You won't need to use a Claims Management Company (CMC) or a Law Firm to take part in any compensation scheme the FCA set up. The FCA have stated that they aim to make any redress scheme easy to participate in, without needing to use a CMC or Law Firm. Using a CMC or Law Firm may end up costing you up to 30% in fees of any compensation you receive.
You can complain to your Lender for free without using a CMC or Law Firm, and you don't need to use a CMC to find out if you're eligible. If you're unsure who your Lender was, there are a few ways you can check.
Check old Bank Statements.
If your agreement was active in the last 6 years you can also try checking your credit file as your Lender may be listed on there. Find out how to access your credit file for free from the Information Commissioners Office here.
Complete a commission enquiry form on our website here by clicking the "Make a Commission Related Enquiry" button.
The FCA has been proactively monitoring the activity of CMC’s and Law Firms and have highlighted some troubling behaviour from many such firms, for example inappropriate advertising. This has led to the removal or amendment of more than 740 misleading adverts by FCA regulated CMCs since January 2024, including some which were highly speculative in suggesting the compensation consumers may get.

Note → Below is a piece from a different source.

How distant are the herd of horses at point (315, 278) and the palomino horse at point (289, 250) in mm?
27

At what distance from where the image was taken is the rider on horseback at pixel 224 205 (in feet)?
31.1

The FCA have made clear they they will continue to act against CMC's using "clickbait-style" promotions or language that suggests a guaranteed outcome before any investigation into a customer's claim has taken place. All CMC's must ensure that all financial promotions are clear, fair and not misleading, and that they accurately reflect the nature and status of any potential claims.
The FCA have stated they will ensure Lenders handle claims consistently, efficiently and fairly as part of their monitoring of any redress scheme.
You can find more information to help you decide if you should use a CMC or Law Firm here.
The FCA have stated that people who already complained to their Lender do not need to do anything. Under the current proposal set out in the FCA consultation paper for the intended redress scheme, Lenders will be required to write to customers who have already complained within 3 months of the start date of the scheme, to set out eligibility and next steps.
No. If you arranged your finance between yourself and a Lender, there is no commission involved.
Due to data protection rules, the Lender will likely require the account holder to provide consent for you to deal on their behalf.